Jordanian ambassador said to warn he could be recalled if annexation goes ahead

Amman reportedly also threatening to send Israeli envoy home, close embassy in Tel Aviv, freeze lucrative gas deal, and scale back border security

Jordanian Ambassador to Israel Ghassan Majali at a ceremony for new ambassadors at the President's Residence in Jerusalem, November 8, 2018. (Yonatan Sindel/Flash90)
Jordanian Ambassador to Israel Ghassan Majali at a ceremony for new ambassadors at the President's Residence in Jerusalem, November 8, 2018. (Yonatan Sindel/Flash90)

Jordanian Ambassador Ghassan Majali has been warning diplomatic circles that if Israel goes ahead with its planned extension of sovereignty to areas of the West Bank, his country may recall him from Tel Aviv in protest, Army Radio reported Wednesday.

However, returning Majali may be only the first of more significant measures Amman is considering, the station said.

Under a coalition deal between Prime Minister Benjamin Netanyahu and Blue and White leader Gantz signed last month, the government can pursue annexation of all the settlements and the Jordan Valley — the 30 percent of the West Bank allocated to Israel under the Trump administration peace plan — from July 1. The Trump administration has indicated it will not oppose Netanyahu’s declared plans to do so, providing Israel accepts its Peace to Prosperity plan, which conditionally provides for a Palestinian state on the remaining 70% of the territory.

Jordan is one of two Arab countries that has official diplomatic ties with Israel, along with Egypt.

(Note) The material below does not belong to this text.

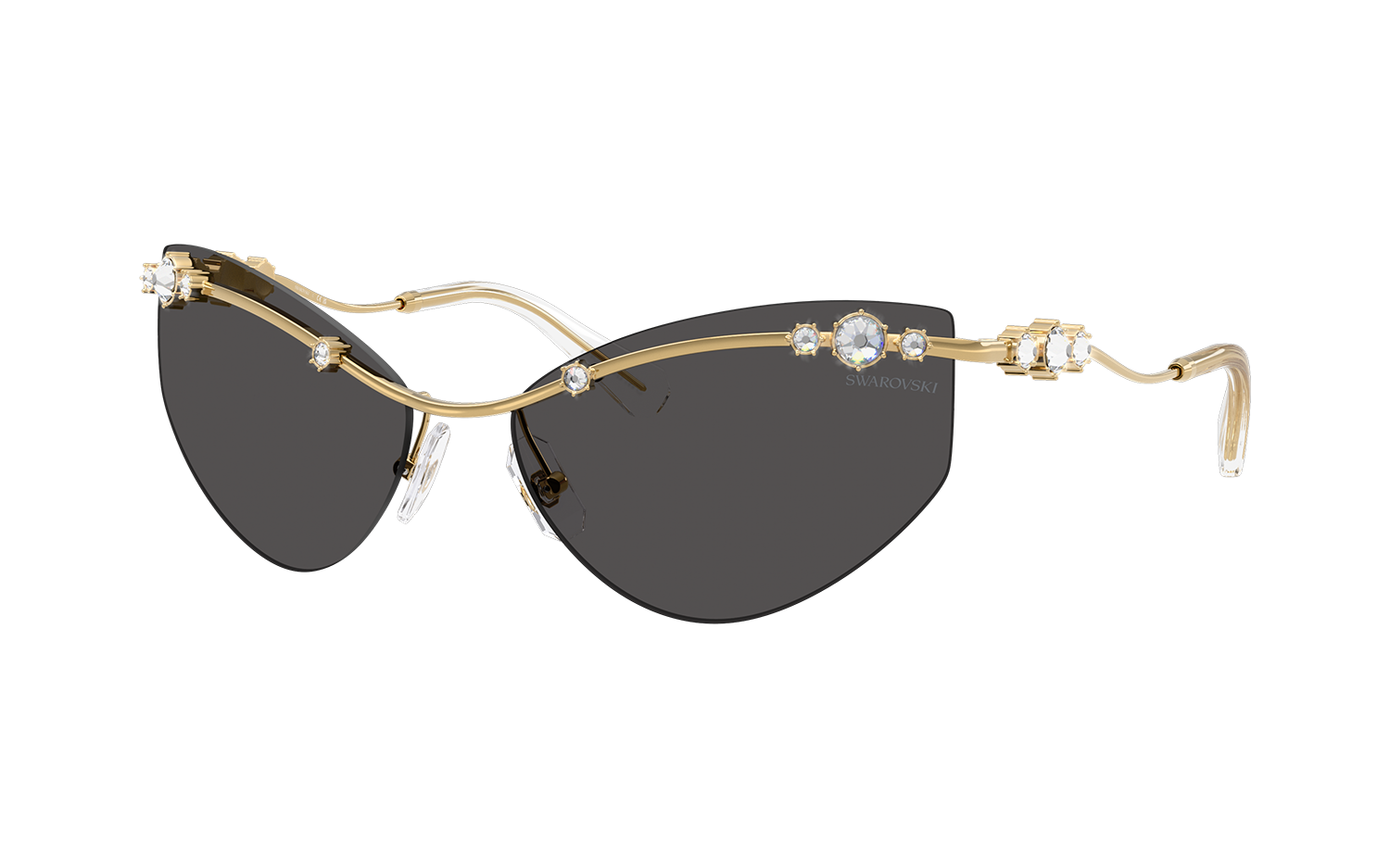 Gallery image for /media/thumbs/100x62.5/media/product_images/Swarovski-Sunglasses-SK7039-400487-Afw100fh62.5.png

While the kingdom has in the past recalled its ambassador during spats with Israel, it is now mulling further steps it could take.

Other measures under consideration are freezing relations — but not severing them — sending the Israeli ambassador home, closing the Jordanian embassy in Tel Aviv, cutting off contact, freezing a lucrative gas deal, and scaling back security along the border with Israel, which runs through the Jordan Valley, the report said.

Under the terms of the peace deal between the countries, both sides are committed to preventing cross-border attacks, but the Jordanians, who have a more significant security presence on their side of the boundary, are mulling reducing enforcement, the station reported.

Israel’s first envoy to Jordan, former ambassador Oded Eran, told Army Radio that the Jordanians “will certainly take out their ambassador and freeze relations, but there are things that they cannot do.”

Eran assessed that the gas deal and cooperation on water are unlikely to be touched, but security work could be impacted.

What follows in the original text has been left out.